Citant Pierre Bourgault, il rappelle que «quand nous défendons le français chez nous, ce sont toutes les langues du monde que nous défendons contre l’hégémonie d’une seule.» Au nom de cette cause, il est prêt à prendre tous les coups que lui assènent ses adversaires.

Lisant un texte rédigé dans le cadre de l’évènement, Jules Falardeau déclare s’interdire de s’adresser en anglais avec quiconque au Québec dans un effort pour se libérer de l’emprise d’un réflexe de colonisé.

Ce réflexe faisait en sorte qu’il répondait en anglais à quiconque qui ne s’adressait pas à lui en français, car l’anglais se voudrait la langue internationale des échanges. Falardeau parle exclusivement français au Québec au risque de passer pour un être sectaire ou d’importuner un touriste. C’est pour lui une question santé mentale.

L’homme derrière les études sur la situation du français à Montréal sur lesquelles Pierre Curzi a appuyé sa démarche de renforcement législatif envers le français, Éric Bouchard, était là pour parler de son expérience personnelle avec l’interculturalisme.

Les bénéfices dont il a soutiré des échanges avec des citoyens d’un héritage culturel différent du sien a fondé un principe de métissage duquel le Québec devrait s’inspirer.

Ces détracteurs de la protection de la langue française ont été souvent pris à partie par Denis Trudel durant la soirée.
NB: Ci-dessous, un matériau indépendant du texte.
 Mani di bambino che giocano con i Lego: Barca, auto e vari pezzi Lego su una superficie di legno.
Après le passage sur scène d’un participant d’une origine étrangère, il était fier de les présenter comme des contrexemples de fermeture, de tribalisme et de xénophobie dont on est souvent accusé.

Avec raison, ces artistes étaient la pièce de résistance de la soirée.
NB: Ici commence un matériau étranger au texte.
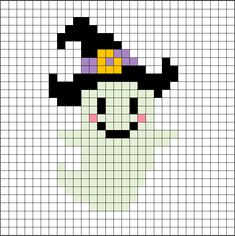 a cross stitch pattern with a pumpkin wearing a witch's hat on top of it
Denis Trudel a invité des artistes de nationalité étrangère qui ont participé auparavant à un concert organisé par la Maison de la culture Ahunstic et intitulé «Des mots sur mesure».
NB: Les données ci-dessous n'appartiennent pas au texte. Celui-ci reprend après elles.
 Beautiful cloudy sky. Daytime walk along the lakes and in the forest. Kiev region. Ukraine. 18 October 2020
Depuis 2010, il s’y organise un spectacle annuel qui donne l’occasion à des artisans de la scène musicale d’exprimer leur art en français; il s’agissait parfois pour eux d’une première occasion de le faire. L’exercice demande d’adapter à son goût un texte du répertoire québécois. Le résultat est remarquable.

Ainsi, avons-nous pu entendre trois artistes Tamouls de l’ensemble Amanda Prasad qui ont interprété «Comme un sage» d’Harmonium et «Chanson entre nous», écrite par Stéphane Venne et chantée initialement par Pauline Julien.

Il y avait aussi Oumar Ndiaye, auteur –compositeur sénégalais qui a livré une version rythmée de «La complainte du phoque en Alaska» en plus de deux chansons de son répertoire, soit «T’es où» et «Viva le Québec».

Pour sa part, Yadong Guan, de nationalité chinoise, a produit une version de «J’ai planté un chêne» de Gilles Vigneault accompagnée d’une consœur. Elle a ensuite joué une pièce en chinois et en français dont le titre est «La lune est mon cœur».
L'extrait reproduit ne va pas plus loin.